My mom has has suffered abuse and pretty much had a broken picker all her life and in turn doesn’t trust men.


----------



## Givernor (Oct 3, 2014)

Constable Odo said:


> Are you overly extroverted?
> 
> If you are, that could be interpreted as "flirty" I suppose.
> 
> ...


I didn't ask her why she thought I was cheating that day. After she said she read everything I wrote, I asked, "do you want to talk about any of it"? She said no. And that my posts just sound like someone who is bored with the relationship.

So I guess that didn't set her mind at ease very much. Hell, I thought I was mostly asking about how to communicate better and bond..This is how clueless I am about how my words come off, I guess.

Since then we have been getting along very well.

She is a little insecure. We both are, in fact. I'm trying to do a better job of boosting her confidence. I know in the past I've said less than flattering things that have worked against me in this area. We have been together a long time and have seen the worst of each other. I want to do better now.


----------



## T&T (Nov 16, 2012)

Givenor,

I can see why she may be upset. I'll post a link to one of your threads below.

http://talkaboutmarriage.com/sex-marriage/244002-hd-women-married-20-years.html

In your opening post it _could_ be taken as feeling bored in her eyes. Why wouldn't that upset her?


----------



## FeministInPink (Sep 13, 2012)

T&T said:


> Givenor,
> 
> I can see why she may be upset. I'll post a link to one of your threads below.
> 
> ...


I read that thread, and from a woman's POV, I don't see how she could perceive that as him being bored. If anything, it reads that he's worried about getting older and not being able to continue to keep up the pace and satisfy her--which is the exact opposite of being bored.

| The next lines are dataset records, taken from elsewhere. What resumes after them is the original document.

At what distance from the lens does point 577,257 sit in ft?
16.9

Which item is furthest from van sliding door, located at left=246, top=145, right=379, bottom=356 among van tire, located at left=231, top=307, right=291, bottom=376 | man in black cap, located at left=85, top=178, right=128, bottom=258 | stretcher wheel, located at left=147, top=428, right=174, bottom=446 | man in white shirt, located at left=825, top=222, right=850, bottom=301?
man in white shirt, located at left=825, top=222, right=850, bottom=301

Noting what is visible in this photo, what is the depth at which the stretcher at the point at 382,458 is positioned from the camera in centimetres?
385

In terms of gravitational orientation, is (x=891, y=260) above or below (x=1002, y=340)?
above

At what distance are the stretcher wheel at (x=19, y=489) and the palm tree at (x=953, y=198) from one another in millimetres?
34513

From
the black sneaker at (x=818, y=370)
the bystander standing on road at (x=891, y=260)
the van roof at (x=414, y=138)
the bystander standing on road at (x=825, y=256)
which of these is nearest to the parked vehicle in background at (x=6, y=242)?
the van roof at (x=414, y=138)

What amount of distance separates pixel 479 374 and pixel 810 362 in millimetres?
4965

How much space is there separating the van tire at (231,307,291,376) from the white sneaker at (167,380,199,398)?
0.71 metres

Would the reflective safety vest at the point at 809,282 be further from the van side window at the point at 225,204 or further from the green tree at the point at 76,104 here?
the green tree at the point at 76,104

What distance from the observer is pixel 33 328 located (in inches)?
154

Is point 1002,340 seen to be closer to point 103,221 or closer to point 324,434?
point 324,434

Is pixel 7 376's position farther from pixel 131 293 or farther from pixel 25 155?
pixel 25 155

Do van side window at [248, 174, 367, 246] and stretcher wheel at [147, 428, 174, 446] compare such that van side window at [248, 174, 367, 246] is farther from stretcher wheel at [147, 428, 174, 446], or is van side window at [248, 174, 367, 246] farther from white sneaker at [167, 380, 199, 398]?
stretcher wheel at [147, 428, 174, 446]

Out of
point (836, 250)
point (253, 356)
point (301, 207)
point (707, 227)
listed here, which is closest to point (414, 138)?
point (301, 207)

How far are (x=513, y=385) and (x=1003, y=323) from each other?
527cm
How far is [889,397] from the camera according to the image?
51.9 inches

Givernor, do your wife and mom tag team you when they do this? Or do they do it separately? If they are tag teaming you, it means that one of them planted the idea in the other's mind. How long has this been going on, and how have you tried to address it thus far?


----------



## nirvana (Jul 2, 2012)

I never let my wife see my emails, posts or texts. It's just asking for trouble and she can easily twist my words and use it as a bullet against me. Not worth the trouble to be "up front".


----------



## Givernor (Oct 3, 2014)

FeministInPink said:


> I read that thread, and from a woman's POV, I don't see how she could perceive that as him being bored. If anything, it reads that he's worried about getting older and not being able to continue to keep up the pace and satisfy her--which is the exact opposite of being bored.
> 
> Givernor, do your wife and mom tag team you when they do this? Or do they do it separately? If they are tag teaming you, it means that one of them planted the idea in the other's mind. How long has this been going on, and how have you tried to address it thus far?

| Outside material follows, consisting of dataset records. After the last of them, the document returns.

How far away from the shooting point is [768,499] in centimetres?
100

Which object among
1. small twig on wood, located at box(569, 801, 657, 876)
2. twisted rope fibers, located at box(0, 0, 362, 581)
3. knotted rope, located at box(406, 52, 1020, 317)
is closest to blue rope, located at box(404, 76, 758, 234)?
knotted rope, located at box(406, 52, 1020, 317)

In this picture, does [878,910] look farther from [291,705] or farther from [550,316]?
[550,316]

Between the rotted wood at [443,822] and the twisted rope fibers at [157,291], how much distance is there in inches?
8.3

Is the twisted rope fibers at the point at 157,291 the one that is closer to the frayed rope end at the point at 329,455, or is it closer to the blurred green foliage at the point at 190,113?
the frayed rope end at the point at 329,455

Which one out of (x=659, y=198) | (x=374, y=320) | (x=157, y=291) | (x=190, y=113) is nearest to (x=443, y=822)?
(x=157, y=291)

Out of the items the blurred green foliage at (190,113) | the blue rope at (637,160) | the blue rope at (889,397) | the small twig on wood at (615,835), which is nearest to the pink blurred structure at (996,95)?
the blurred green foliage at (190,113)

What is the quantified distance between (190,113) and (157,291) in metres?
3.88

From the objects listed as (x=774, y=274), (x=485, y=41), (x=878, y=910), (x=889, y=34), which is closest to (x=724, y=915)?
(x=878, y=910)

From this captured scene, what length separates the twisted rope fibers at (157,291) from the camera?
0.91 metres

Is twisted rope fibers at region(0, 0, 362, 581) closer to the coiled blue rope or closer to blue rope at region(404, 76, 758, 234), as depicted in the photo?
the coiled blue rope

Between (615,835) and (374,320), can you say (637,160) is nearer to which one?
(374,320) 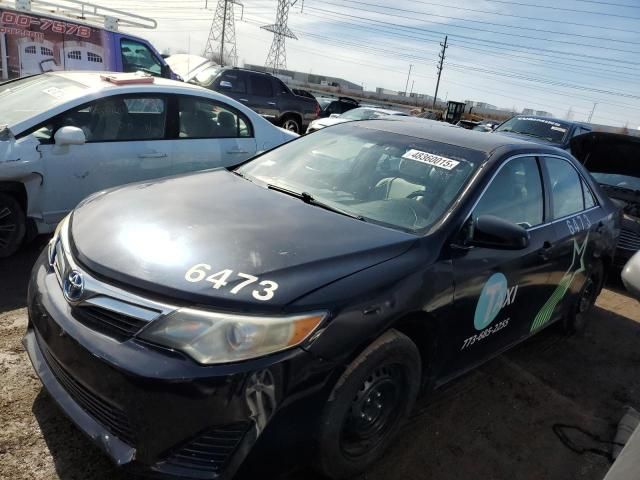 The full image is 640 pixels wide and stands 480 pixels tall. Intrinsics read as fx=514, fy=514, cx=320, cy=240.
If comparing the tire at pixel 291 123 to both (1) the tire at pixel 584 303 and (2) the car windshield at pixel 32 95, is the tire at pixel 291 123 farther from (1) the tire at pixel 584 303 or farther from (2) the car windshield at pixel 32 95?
(1) the tire at pixel 584 303

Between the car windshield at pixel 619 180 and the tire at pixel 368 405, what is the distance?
17.9ft

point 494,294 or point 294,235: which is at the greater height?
point 294,235

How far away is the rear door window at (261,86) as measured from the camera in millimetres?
12836

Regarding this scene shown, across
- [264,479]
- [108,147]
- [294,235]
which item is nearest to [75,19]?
[108,147]

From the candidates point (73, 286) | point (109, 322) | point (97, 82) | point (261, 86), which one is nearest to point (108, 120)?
point (97, 82)

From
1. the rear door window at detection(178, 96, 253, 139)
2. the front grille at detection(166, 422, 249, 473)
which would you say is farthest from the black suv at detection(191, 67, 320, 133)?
the front grille at detection(166, 422, 249, 473)

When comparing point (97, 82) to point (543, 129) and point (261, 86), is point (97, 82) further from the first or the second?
point (543, 129)

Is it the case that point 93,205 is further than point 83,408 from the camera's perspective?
Yes

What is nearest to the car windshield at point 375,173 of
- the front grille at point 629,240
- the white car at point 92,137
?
the white car at point 92,137

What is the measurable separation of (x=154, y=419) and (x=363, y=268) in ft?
3.27

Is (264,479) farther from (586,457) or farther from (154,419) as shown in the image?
(586,457)

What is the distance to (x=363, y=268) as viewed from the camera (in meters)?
2.19

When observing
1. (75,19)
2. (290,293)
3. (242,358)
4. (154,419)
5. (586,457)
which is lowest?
(586,457)

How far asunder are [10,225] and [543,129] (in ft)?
32.3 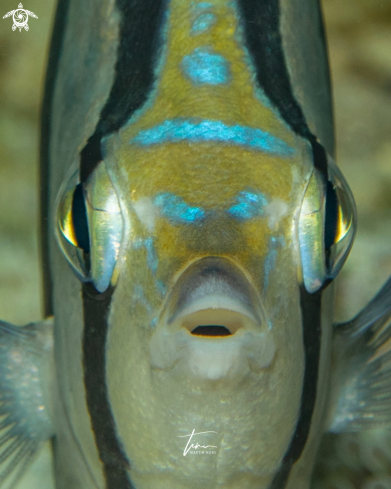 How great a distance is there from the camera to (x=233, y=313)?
1.16m

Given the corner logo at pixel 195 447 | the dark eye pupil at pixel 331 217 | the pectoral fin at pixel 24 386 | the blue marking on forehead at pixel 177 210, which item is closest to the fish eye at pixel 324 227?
the dark eye pupil at pixel 331 217

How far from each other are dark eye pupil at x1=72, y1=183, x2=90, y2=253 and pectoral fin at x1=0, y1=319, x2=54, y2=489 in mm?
597

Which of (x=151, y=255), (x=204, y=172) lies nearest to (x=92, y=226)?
(x=151, y=255)

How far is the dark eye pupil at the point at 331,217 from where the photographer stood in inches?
55.5

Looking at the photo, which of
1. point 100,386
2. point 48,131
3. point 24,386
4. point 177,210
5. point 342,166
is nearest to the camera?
point 177,210

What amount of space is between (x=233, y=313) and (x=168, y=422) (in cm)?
33

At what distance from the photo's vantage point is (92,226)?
1.33 metres

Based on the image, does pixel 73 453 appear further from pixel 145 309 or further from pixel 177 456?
pixel 145 309

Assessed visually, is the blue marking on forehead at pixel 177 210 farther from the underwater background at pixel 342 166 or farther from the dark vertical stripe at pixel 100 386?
the underwater background at pixel 342 166

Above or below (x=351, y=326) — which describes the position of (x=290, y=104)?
above

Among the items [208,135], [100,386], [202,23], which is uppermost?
[202,23]

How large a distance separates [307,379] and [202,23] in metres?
0.95

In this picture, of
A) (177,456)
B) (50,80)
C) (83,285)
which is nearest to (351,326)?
(177,456)

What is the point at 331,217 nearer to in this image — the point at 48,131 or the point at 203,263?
the point at 203,263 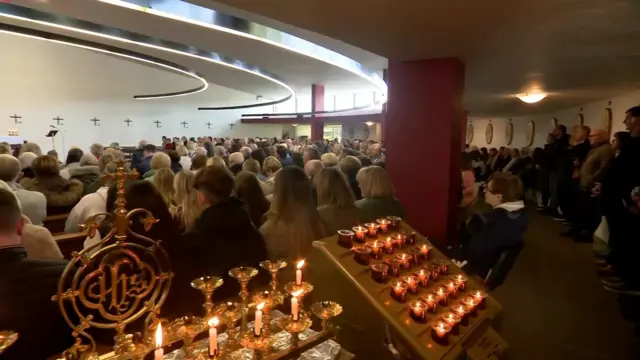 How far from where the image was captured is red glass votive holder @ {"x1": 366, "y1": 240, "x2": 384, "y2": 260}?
90.7 inches

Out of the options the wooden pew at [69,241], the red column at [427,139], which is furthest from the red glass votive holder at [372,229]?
the red column at [427,139]

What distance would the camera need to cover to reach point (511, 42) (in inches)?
156

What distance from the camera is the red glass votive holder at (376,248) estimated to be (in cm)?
230

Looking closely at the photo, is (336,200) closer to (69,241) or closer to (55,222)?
(69,241)

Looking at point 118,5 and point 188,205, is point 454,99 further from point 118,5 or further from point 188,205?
point 118,5

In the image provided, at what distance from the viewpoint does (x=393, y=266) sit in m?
2.25

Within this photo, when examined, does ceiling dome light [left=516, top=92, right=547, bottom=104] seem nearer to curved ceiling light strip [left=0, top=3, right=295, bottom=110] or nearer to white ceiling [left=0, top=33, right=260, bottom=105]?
curved ceiling light strip [left=0, top=3, right=295, bottom=110]

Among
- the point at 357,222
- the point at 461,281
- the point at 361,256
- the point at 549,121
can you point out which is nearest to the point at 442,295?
the point at 461,281

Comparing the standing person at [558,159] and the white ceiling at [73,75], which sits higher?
the white ceiling at [73,75]

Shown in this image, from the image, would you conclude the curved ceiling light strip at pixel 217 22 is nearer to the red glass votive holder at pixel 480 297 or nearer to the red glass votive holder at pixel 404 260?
the red glass votive holder at pixel 404 260

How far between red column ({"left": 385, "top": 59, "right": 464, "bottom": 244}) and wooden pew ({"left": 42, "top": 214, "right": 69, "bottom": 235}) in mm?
3514

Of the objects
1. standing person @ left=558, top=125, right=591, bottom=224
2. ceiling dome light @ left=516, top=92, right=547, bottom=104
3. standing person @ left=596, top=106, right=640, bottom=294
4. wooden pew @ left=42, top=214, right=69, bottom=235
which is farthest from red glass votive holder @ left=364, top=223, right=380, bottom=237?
ceiling dome light @ left=516, top=92, right=547, bottom=104

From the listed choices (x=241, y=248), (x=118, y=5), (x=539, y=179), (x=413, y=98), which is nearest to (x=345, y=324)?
(x=241, y=248)

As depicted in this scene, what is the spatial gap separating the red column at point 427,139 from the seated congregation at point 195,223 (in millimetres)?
959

Thanks, that is what I was trying to convey in that thread.. although there were some inferences that in hindsight read like I'm struggling to adjust my tastes to a more "mature" aged woman..



Anyhow, I never addressed the cheating comments with my mother or wife..My mother made the comment after I decided to have a vasectomy even when my wife was split on the decision..(she mentioned it in conversation to my mother and mom replied "Do you think he planning cheating on you?") 

I only know this because my wife came home and told me what she said..and I never brought it to mom. But I was in disbelief, lol. I thought, your mother is supposed remain in your corner even after everyone else loses faith in you..Here she was planting the very idea in my wife's head. sheesh...Yeah, there wasn't anyway for me to discuss that without getting ****ty with my mom.

I guess it's possible that led to my wife becoming more suspicious. Or she just had a spell of insecurity.
Regardless I'm left with the feeling that I'm viewed as less than totally faithful.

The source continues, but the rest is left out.